I would like to find $(I+QAQ^{T})^{-1}$ where $Q$ is the eigenvector matrix, $A$-eigenvalue matrix. I saw somewhere that it is equal to $Q(I+A)^{-1}Q^{T}$ is this so? I don't understand why should one be able to take the eigenvectors matrices out of the brackets of the inverse sign?

Answer 1

When you say that "$Q$ is the eigenvector matrix", I assume that in this context $Q$ is an orthogonal matrix (i.e. $Q^T = Q^{-1}$).

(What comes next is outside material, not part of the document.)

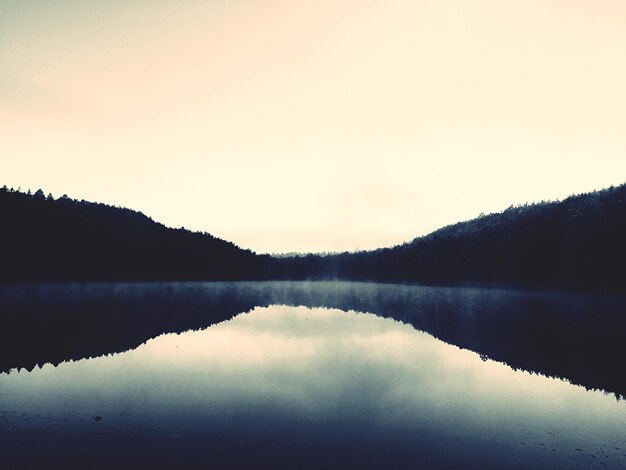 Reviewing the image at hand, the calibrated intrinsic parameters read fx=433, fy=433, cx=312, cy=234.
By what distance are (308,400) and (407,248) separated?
154894 mm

With that said, note that \begin{align} (I + QAQ^T)^{-1} & = (I + QAQ^{-1})^{-1} \\ & = (QIQ^{-1} + QAQ^{-1})^{-1} \\ & = (Q[I + A]Q^{-1})^{-1} \\ & = (Q^{-1})^{-1} (I + A)^{-1} Q^{-1} \\ & = Q(I + A)^{-1} Q^{-1} = Q(I + A)^{-1}Q^T. \end{align} The more general phenomenon is that for any "analytic function" $f(x)$ (for example, a polynomial $f(x)$, $f(x) = 1/(1 + x)$, $f(x) = e^x$), if $f(A)$ is defined "in the natural way" (via the power series of $f$ or a functional calculus), then it necessarily holds that $$ f(PAP^{-1}) = Pf(A)P^{-1} $$ for any invertible matrix $P$.